YOUR TASK: Once the line containing "Delock Burrebåndkabelbinder med" is located in the records below, repeat it and all lines that follow it exactly, leaving out any picture.

====== DATA

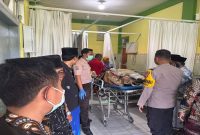 Dua remaja meninggal dalam kecelakaan tunggal sepeda motor di Jalan Tagangsar Daya, Pamekasan, Kamis, 26 Maret 2026 (Foto Dok Ho/RadarBangsa.co.id)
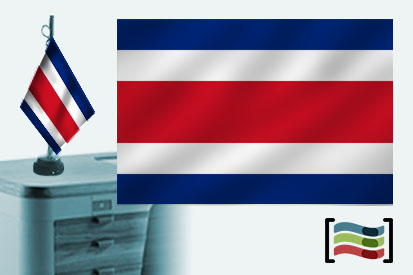 Bandera de Costa Rica sobremesa bordada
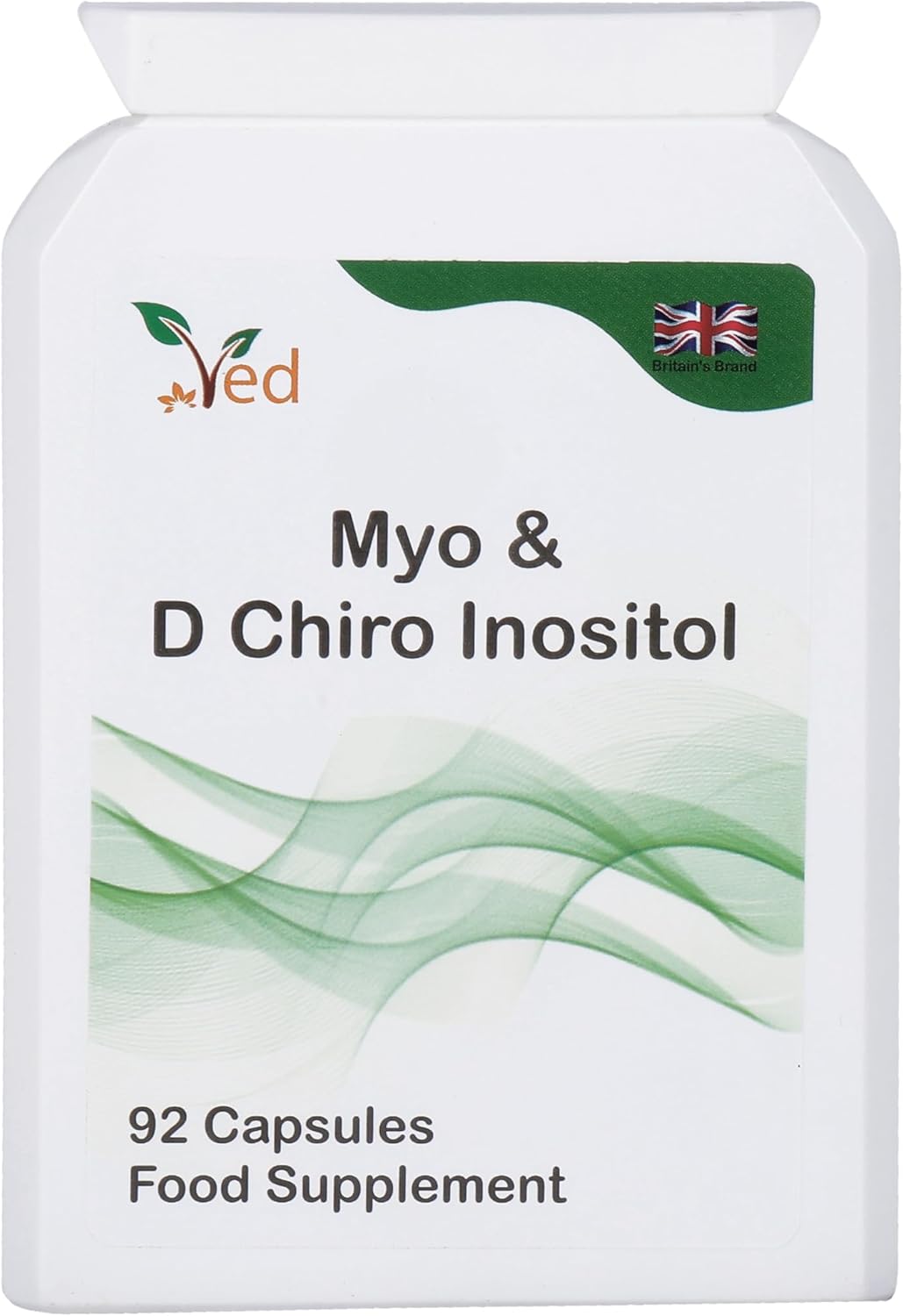 Ved Myo & D Chiro Inositol, myo- inositol 2000 mg & D Chiro Inositol 300 mg 92 Capsule (23 Days Supply)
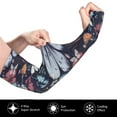 thumbnail image 3 of Fotbe Flowers ad Butterflies UV Sun Protection Arm Sleeves - Tattoo Cover Up - Basketball Arm Sleeve UPF 50 Cooling for Men Women, 3 of 8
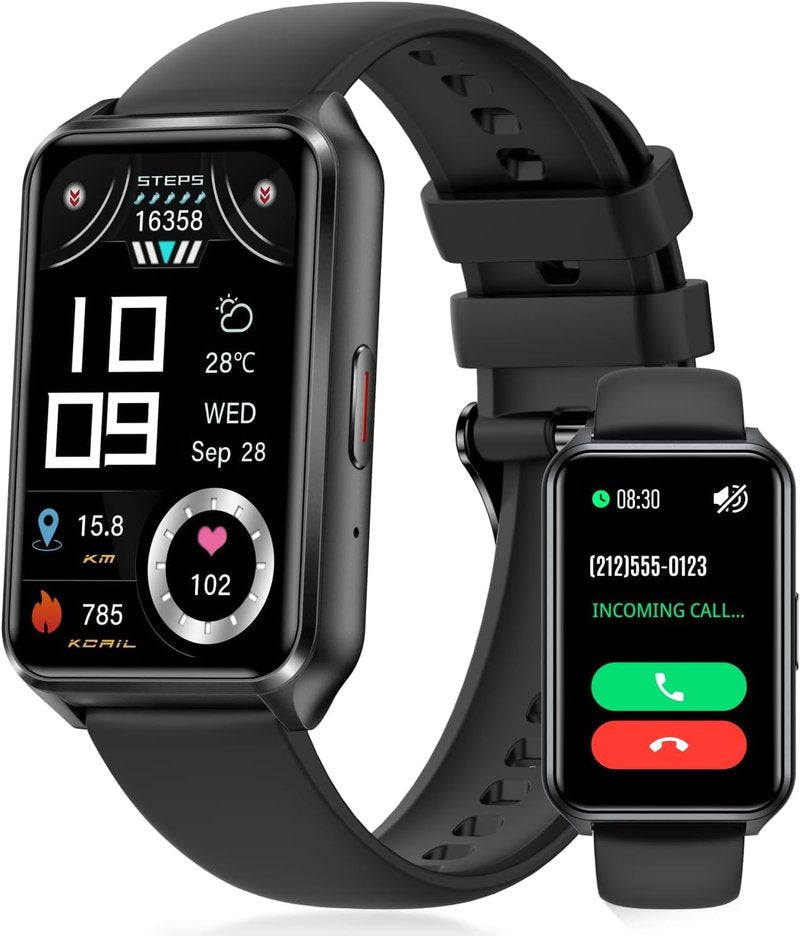 SGJIK Smart Watch Fitness Tracker with Make Call 24/7 Heart Rate Blood Pressure Sleep Monitor, 100+ Sports Modes, Calorie Step Counter for Walking, IP68 Waterproof, Smart Watches for Men Women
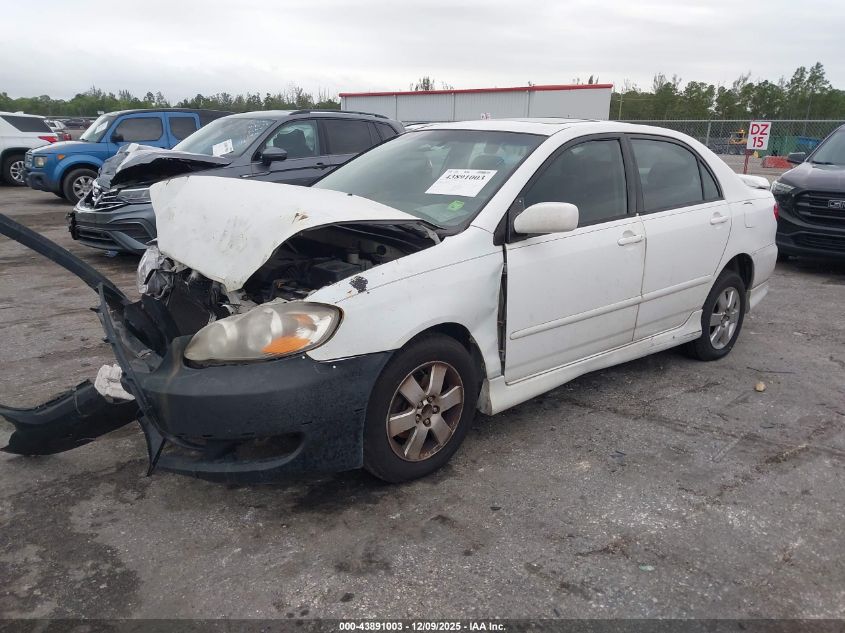 2008 Toyota Corolla S VIN: 1NXBR32E38Z016766 Lot: 43891003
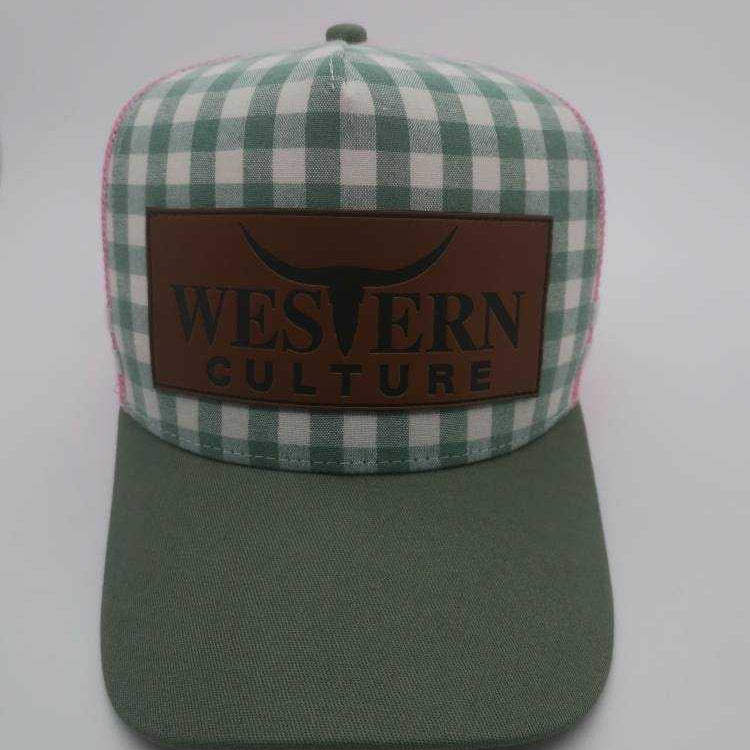 Western Culture Trucker Cap-Western Culture Leather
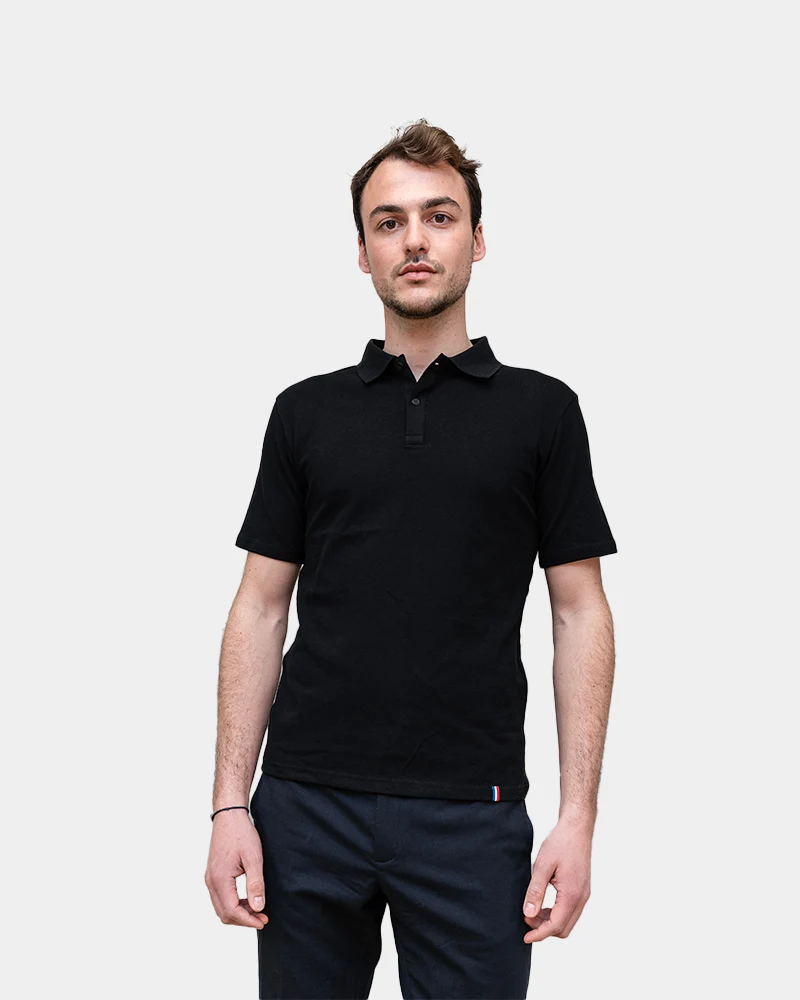 Personalisierbares Herren-Polo Made in France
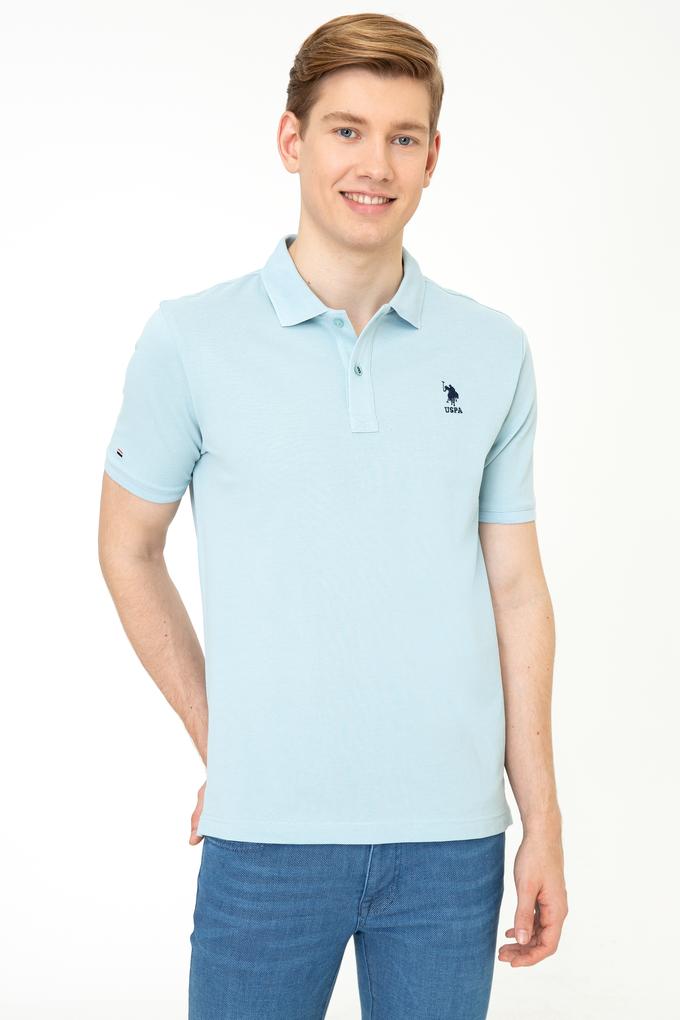 Erkek Açık İndigo Basic Tişört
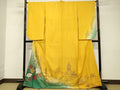 Kimono 小振袖　二尺袖　薔薇　バラ　西洋風景　暈し染め　金銀彩　正絹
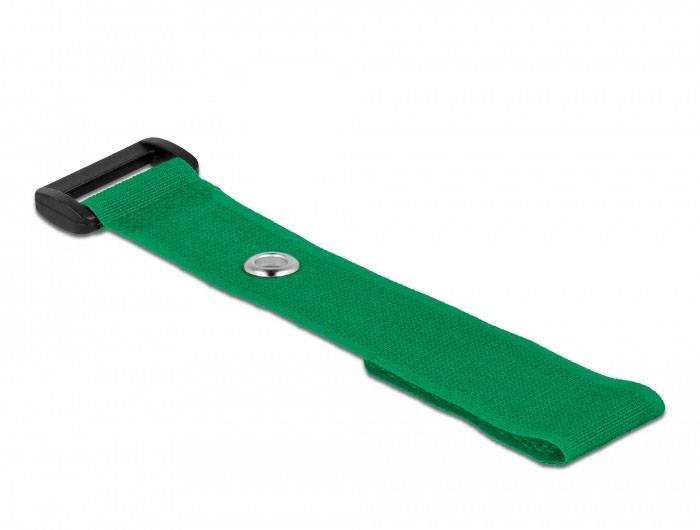 Delock Burrebåndkabelbinder med øsken (Ø x L) 7 mm x 190 mm Grøn 5 stk-4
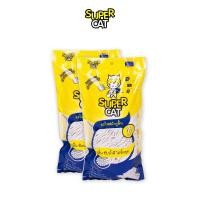 ราคา SUPERCATTHAILAND l [แพ็คคู่] SUPERCAT อะไหล่ผ้าม็อบถูพื้น สีขาว 12 นิ้ว 320 กรัม สี 35 x 30 x 12 SUPERCAT (10522735)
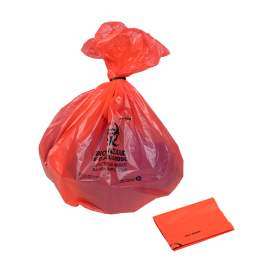 Biohazard Bags with Ties,  24" x 25.6"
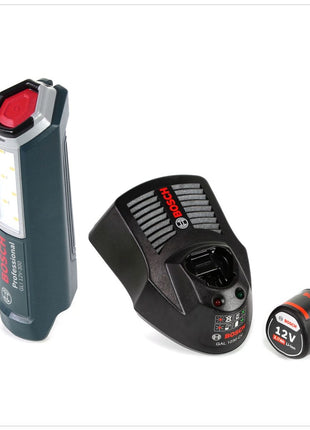 Bosch Professional GLI 12V-300 Akku Lampe + 1x GBA 12V 2,0 Ah Akku + GAL 1230 Ladegerät - Toolbrothers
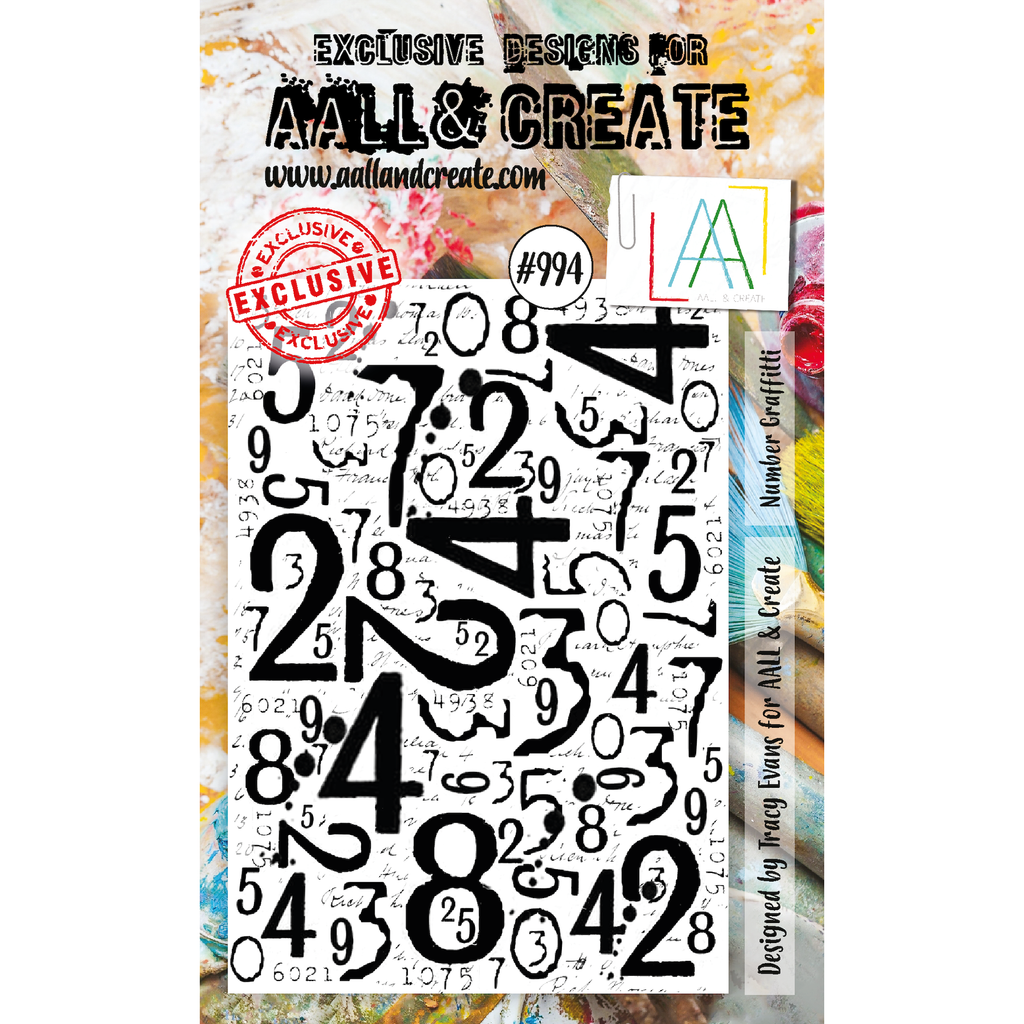 AALL & Create Number Graffiti A7 Clear Stamp aall994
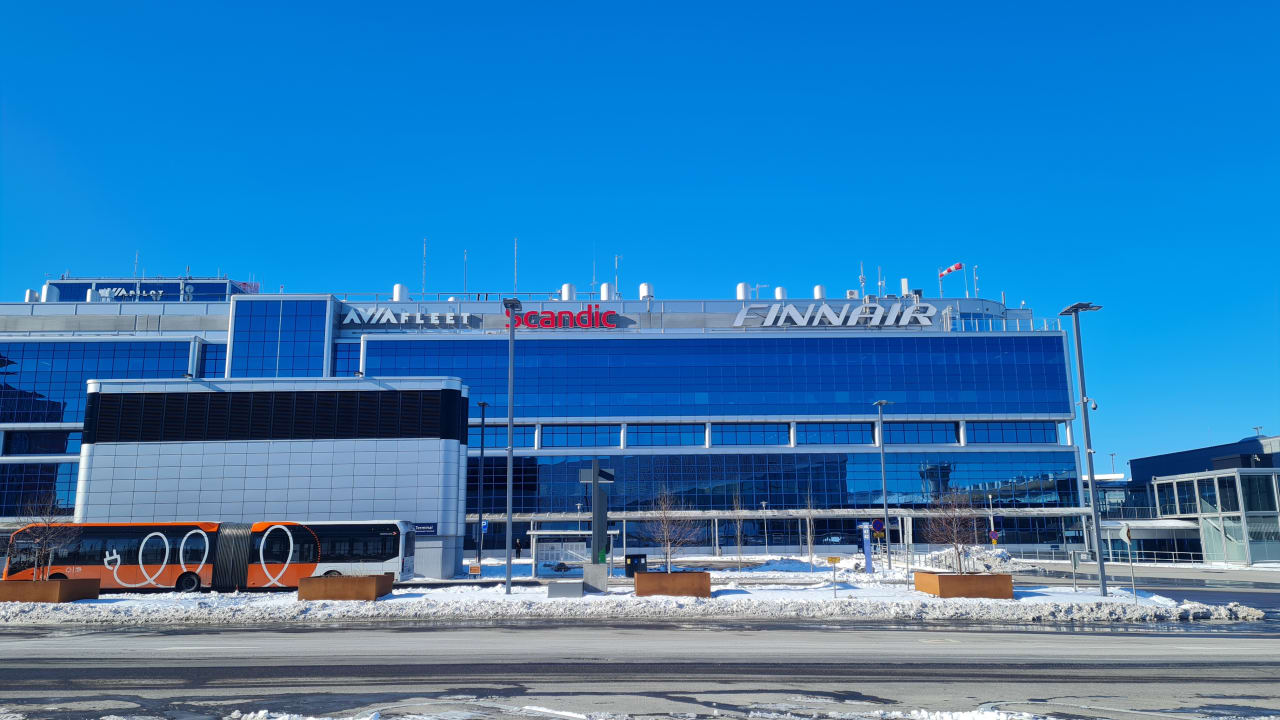 Außenansicht Scandic Helsinki Airport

============

EXERCISE ANSWER:
 Delock Burrebåndkabelbinder med øsken (Ø x L) 7 mm x 190 mm Grøn 5 stk-4
 ราคา SUPERCATTHAILAND l [แพ็คคู่] SUPERCAT อะไหล่ผ้าม็อบถูพื้น สีขาว 12 นิ้ว 320 กรัม สี 35 x 30 x 12 SUPERCAT (10522735)
 Biohazard Bags with Ties,  24" x 25.6"
 Bosch Professional GLI 12V-300 Akku Lampe + 1x GBA 12V 2,0 Ah Akku + GAL 1230 Ladegerät - Toolbrothers
 AALL & Create Number Graffiti A7 Clear Stamp aall994
 Außenansicht Scandic Helsinki Airport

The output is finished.